The VMware Cloud Foundation features provide automated deployment and life cycle management of your SDDC, and enable provisioning of customer virtualized workloads and containers.
Automated Software Bring-Up
You prepare your environment for VMware Cloud Foundation by installing a baseline ESXi image on vSAN ReadyNodes. After the hosts are physically racked and cabled, VMware Cloud Foundation uses the physical network details you provide (such as DNS, IP address pool, and so on) to automate the bring-up and configuration of the software stack. During bring-up, the management domain is created on the four hosts you specified. When the bring-up process completes, you have a functional management domain and can start provisioning VI workload domains.
Simplified Resource Provisioning with Workload Domains
In VMware Cloud Foundation, a workload domains is a policy-based resource construct with specific availability and performance attributes. See Workload Domains in VMware Cloud Foundation.
Virtual Machines and Containers Onto the Same Platform
By using the VMware Tanzu integration with VMware Cloud Foundation, you can deploy and operate the compute, networking, and storage infrastructure for vSphere with Tanzu, also called Workload Management. vSphere with Tanzu transforms vSphere to a platform for running Kubernetes workloads natively on the hypervisor layer. When enabled on a vSphere cluster, vSphere with Tanzu provides the capability to run Kubernetes workloads directly on ESXi hosts and to create upstream Kubernetes clusters within dedicated resource pools.
The Kubernetes concept of namespace is integrated into vSphere and becomes the unit of management. By grouping VMs and containers into logical applications via namespaces, Virtual Infrastructure (VI) admins who used to manage thousands of VMs can now manage just dozens of applications which is a massive reduction in cognitive load.
Automated Lifecycle Management
VMware Cloud Foundation offers automated life cycle management on a per-workload basis. Available updates for all components are tested for interoperability and bundled with the necessary logic for proper installation order. The update bundles are then scheduled for automatic installation on a per-workload domain basis. This allows administrators to target specific workloads or environments, for example development vs. production, for updates independent from the rest of the environment.
vSphere Lifecycle Manager, a vCenter Server service, is integrated with VMware Cloud Foundation. By using vSphere Lifecycle Manager, you can create cluster images for centralized and simplified life cycle management of ESXi hosts including firmware. When you select the image-based life cycle management mode at VI workload domain creation, you can update and upgrade the ESXi version on all hosts in the cluster collectively. You can also install and update vendor add-ons and components on all ESXi hosts in a cluster.
Stretched Deployment
You can set up two availability zones in your environment and introduce high availability of management and customer workloads by configuring vSAN stretched clusters by using the SDDC Manager API. Availability zones protect against failures of groups of hosts. These group can consist of hosts in the same data center, for example, installed in different racks, chassis or rooms, or in different data centers with low-latency high-speed links connecting them.
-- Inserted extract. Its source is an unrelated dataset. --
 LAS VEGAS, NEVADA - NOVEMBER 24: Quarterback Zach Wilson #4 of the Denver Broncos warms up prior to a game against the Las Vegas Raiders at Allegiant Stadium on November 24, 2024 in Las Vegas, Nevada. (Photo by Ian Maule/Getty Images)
Using two availability zones can improve availability of management components running the SDDC, minimize downtime of services, and improve SLAs.
NSX Federation
You can use NSX Federation to propagate configurations that span multiple NSX instances in a single VMware Cloud Foundation instance or across multiple VMware Cloud Foundation instances. You can set up global networking, enabling failover of segment ingress and egress traffic between VMware Cloud Foundation instances, and implement a unified firewall configuration.
In the management domain in a deployment with multiple VMware Cloud Foundation instances, you use NSX-T Data Center to provide cross-instance services to SDDC management components which do not have native support for availability at several locations, such as vRealize Automation and vRealize Operations. In a management domain, you can use NSX Federation only to connect to the management domains of other VMware Cloud Foundation instances. Avoid connecting a management domain with VI workload domains in a single NSX Federation instance.
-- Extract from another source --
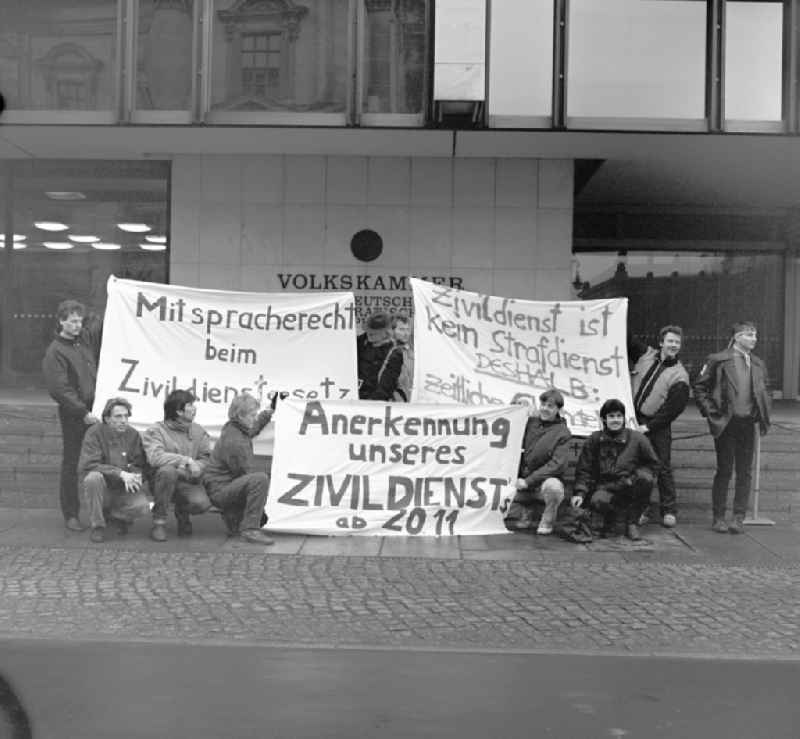 Young men demonstrate in front of the parliament of the GDR in Berlin for the recognition of their community service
You configure NSX Federation in VMware Cloud Foundation manually.
VMware Cloud Foundation+
Starting from VMware Cloud Foundation 4.5, you can connect your on-premises deployments to VMware Cloud by using a VMware Cloud Foundation+ subscription. By connecting VMware Cloud Foundation to the cloud, you use a simplified subscription model and keyless entitlement across multiple on-premises deployments. You also have access to administrator services, such as inventory management, infrastructure monitoring and virtual machine provisioning centrally from VMware Cloud Console. See What is VMware Cloud Foundation+?.